By now there cannot be many in the database community who are unaware that, sadly, Dr. E. F. Codd passed away on April 18th, 2003. He was 79. Dr. Codd, known universally to his colleagues and friends--among whom I was proud to count myself--as Ted, was the man who, singlehanded, put the field of database management on a solid scientific footing. The entire relational database industry, now worth many billions of dollars a year, owes the fact of its existence to Ted's original work, and the same is true of all of the huge number of relational database research and teaching programs under way worldwide in universities and similar organizations. Indeed, all of us who work in this field owe our career and livelihood to the giant contributions Ted made during the period from the late 1960s to the early 1980s. We all owe him a huge debt. This tribute to Ted and his achievements is offered in recognition of that debt.

Ted began his computing career in 1949 as a programming mathematician for IBM on the Selective Sequence Electronic Calculator. He subsequently participated in the development of several important IBM products, including the 701 (IBM's first commercial electronic computer) and STRETCH, which led to IBM's 7090 mainframe technology. Then, in the late 1960s, he turned his attention to the problem of database management--and over the next few years he created the invention with which his name will forever be associated: the relational model of data.

The relational model is widely recognized as one of the great technical innovations of the 20th century. Ted described it and explored its implications in a series of research papers--staggering in their originality--that he published during the period from 1969 to 1981. The effect of those papers was twofold: First, they changed for good the way the IT world perceived the database management problem; second (as already mentioned), they laid the foundation for a whole new industry. In fact, they provided the basis for a technology that has had, and continues to have, a major impact on the very fabric of our society. It is no exaggeration to say that Ted is the intellectual father of the modern database field.

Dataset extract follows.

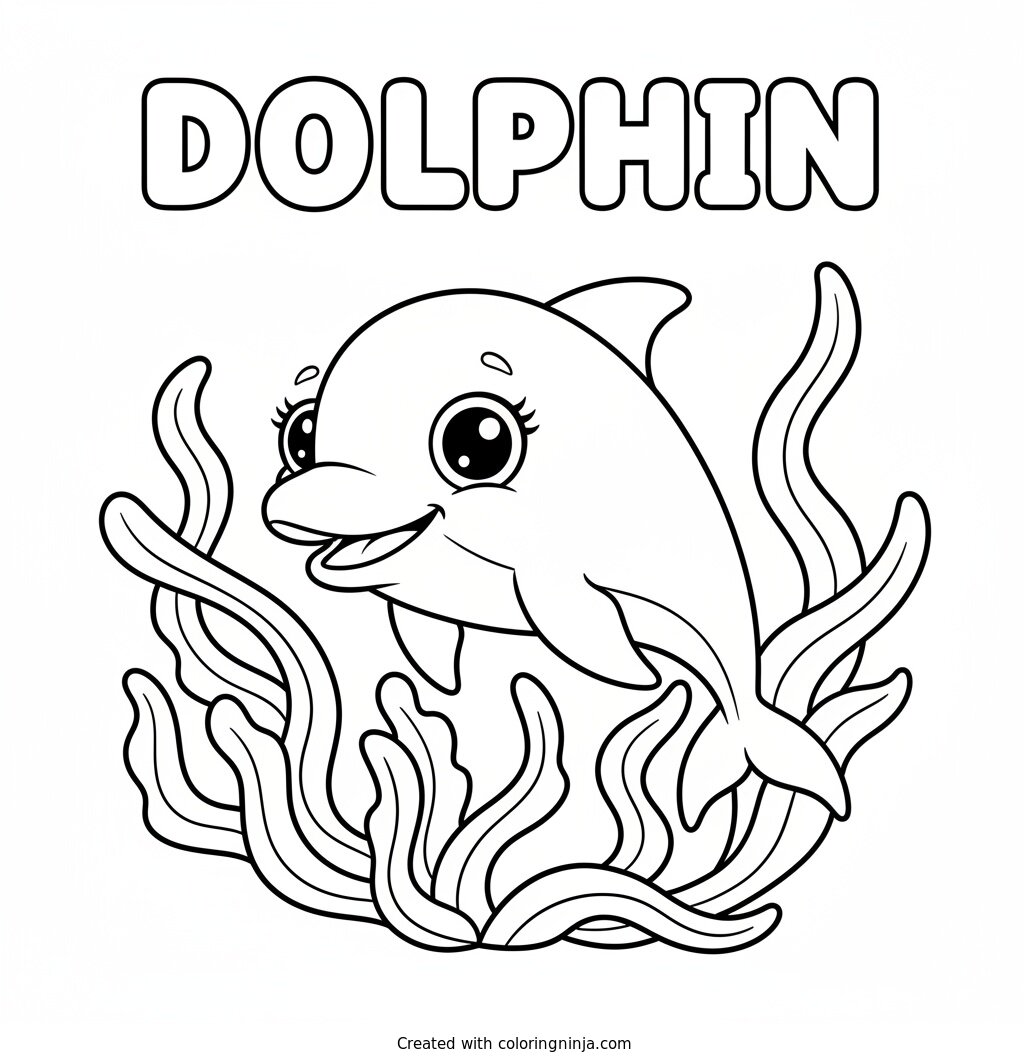 A Dolphin with Big Sparkly Eyes Coloring Page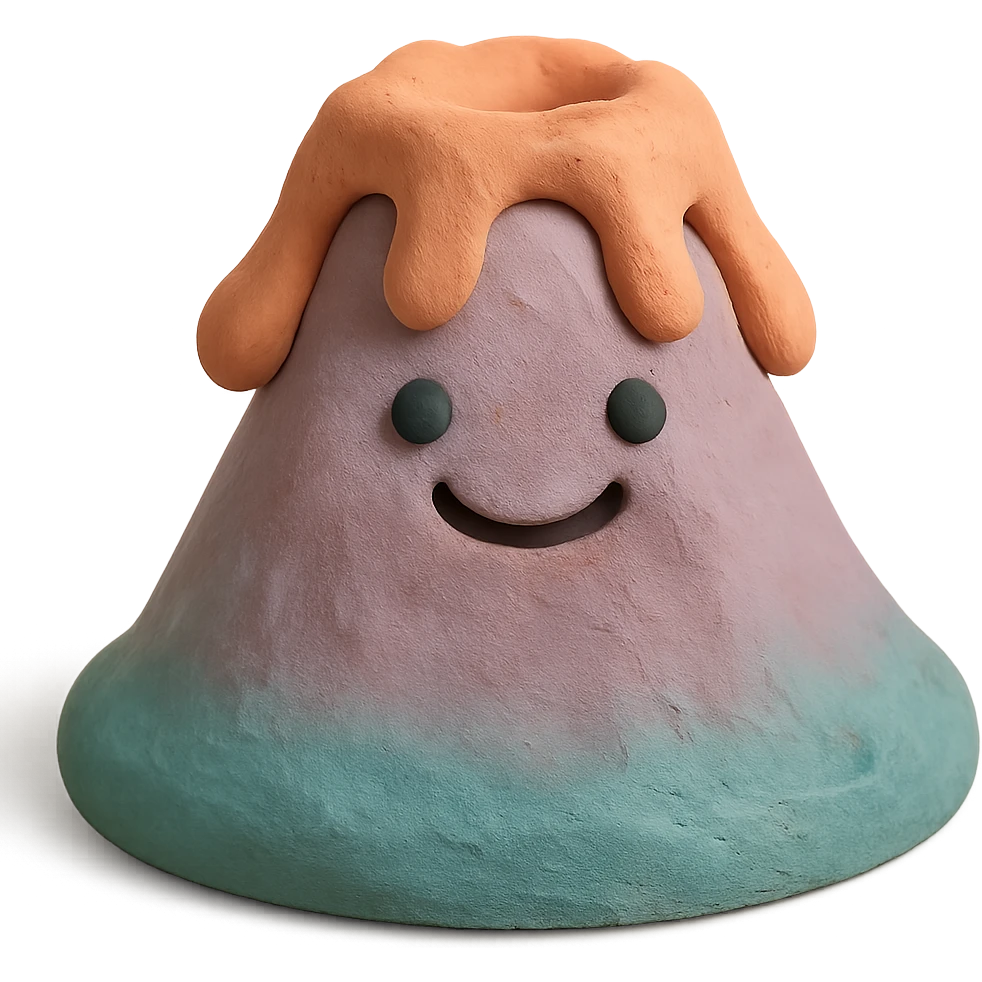 claymation style smiling volcano with matte plasticine texture and pastel colors emoji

Let me remind you of the extent of Ted's accomplishments by briefly surveying some of the most significant of his contributions here. Of course, the biggest of all was, as already mentioned, to make database management into a science (and thereby to introduce a welcome and sorely needed note of clarity and rigor into the field): The relational model provided a theoretical framework within which a variety of important problems could be attacked in a scientific manner. Ted first described his model in 1969 in an IBM Research Report:

"Derivability, Redundancy, and Consistency of Relations Stored in Large Data Banks", IBM Research Report RJ599 (August 19th, 1969)

He also published a revised version of this paper the following year:

"A Relational Model of Data for Large Shared Data Banks," CACM 13, No. 6 (June 1970) and elsewhere(*)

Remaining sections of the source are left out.